2017 Aprilia RSV4 RF and RSV4 RR first ride review

May 08, 2017

Never in my wildest dreams did I think I would be riding a new 200-horsepower sport bike at a world-class track just days after my heroes competed there.

I watched in awe on Sunday as Marc Márquez battled Dani Pedrosa for half the race before putting the hammer down and winning his fifth in a row at Circuit of the Americas. I was at turn 19 when Maverick Viñales lost the front, skidded across turn 18, and dejectedly mounted a scooter heading back to the pits.

Now, it was time for me to attack the bumpy track my idols had trouble with all weekend. I studied the pros’ lines feverishly and watched onboard video before bed. Every night, I would have a dream of losing the front on one of the track’s many bumps. Somehow, come ride day, I wasn't nervous, because I was riding an old friend with new improvements.

2017 Aprilia RSV4 RF
Watch the best in the world on Sunday, ride the track on Wednesday. What a deal. Photo by Andrew Wheeler.
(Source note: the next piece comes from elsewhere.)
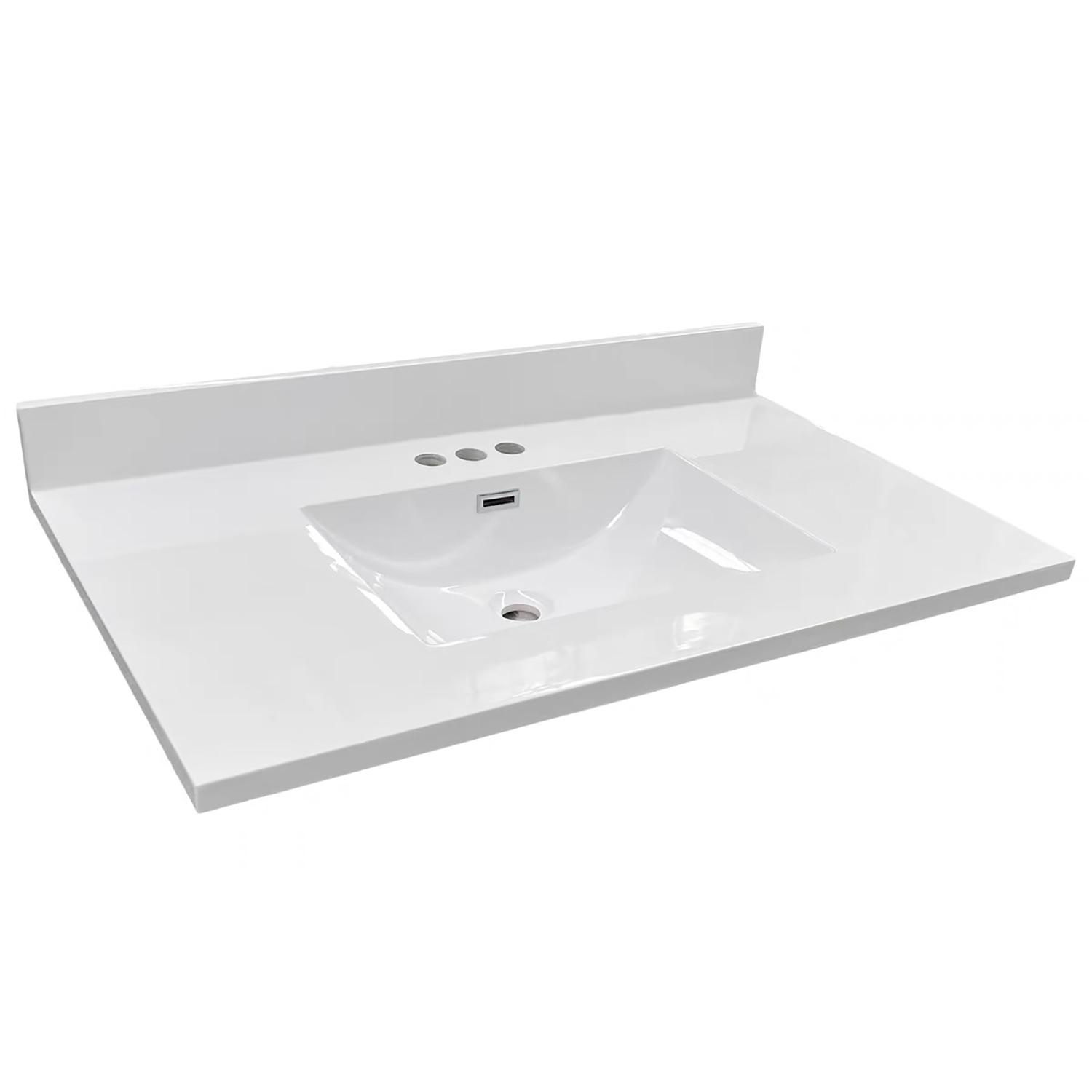 37" x 21-13/16" Marble Vanity Top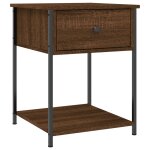 Vidaxl table de chevet chêne marron 44x45x58 cm bois d'ingénierie Vidaxl table de chevet chêne marron 44x45x58 cm bois d'ingénierie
2017 Aprilia RSV4: Refined, not redesigned

Both the RR and RF models of the 2017 Aprilia RSV4 haven't been completely redesigned as much as they have been refined with upgrades to the electronics and a few other components.

2017 Aprilia RSV4 RF
2017 Aprilia RSV4 RF. Photo by Andrew Wheeler.
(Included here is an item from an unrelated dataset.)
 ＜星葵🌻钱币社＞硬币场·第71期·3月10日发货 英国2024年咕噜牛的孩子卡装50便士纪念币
The biggest upgrade, besides the new electronics suite (more on that shortly), would be the braking components on both models. The front steel discs have been thickened to 5 mm and are now 330 mm in diameter. The Brembo calipers have now been upgraded to the top-of-the-line M50 monoblocs instead of the slightly downgraded M430 monoblocs of 2016. All the braking upgrades are directly aimed at improvements on the race track.

Along with the RSV4 models, Aprilia also let me ride the 2017 Tuono V4 1100 RR and V4 1100 Factory. Both Tuono models also get a radial front brake master cylinder and the same M50s (and 330 mm discs) as the RSV4s, where the 2016 model didn't even have a monobloc caliper.
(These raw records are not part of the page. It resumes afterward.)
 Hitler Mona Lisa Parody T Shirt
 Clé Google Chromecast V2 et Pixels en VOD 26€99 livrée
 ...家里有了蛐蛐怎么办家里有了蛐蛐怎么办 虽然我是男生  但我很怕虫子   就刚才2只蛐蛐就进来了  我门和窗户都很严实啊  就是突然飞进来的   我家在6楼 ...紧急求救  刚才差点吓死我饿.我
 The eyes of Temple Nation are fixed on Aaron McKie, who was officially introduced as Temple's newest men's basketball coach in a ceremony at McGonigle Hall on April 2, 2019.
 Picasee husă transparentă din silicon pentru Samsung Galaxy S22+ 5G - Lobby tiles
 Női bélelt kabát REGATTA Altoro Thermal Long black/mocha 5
Related to the upgraded electronics is the Bosch cornering ABS that is now implemented on all models to keep up with the competition. It monitors lean angle and other parameters to adjust the anti-lock braking. ABS can be set at three levels of intervention or turned off.

Ohlins suspension
The Aprilia RSV4 RF gets the Öhlins suspension as an upgrade over the RR, but both have the Bosch cornering ABS feature for 2017. Photo by Bucky Bautista.

The two main differences between the RSV4 models are the suspension and wheels. The RF gets the premium Öhlins suspension package. The fork now has the latest Nix unit and the shock is kitted with the latest TTX with a new progressive linkage to address pump issues on previous models. The RR gets a Sachs suspension. The RF rolls on forged aluminum alloy wheels while the RR wears cast aluminum alloy wheels.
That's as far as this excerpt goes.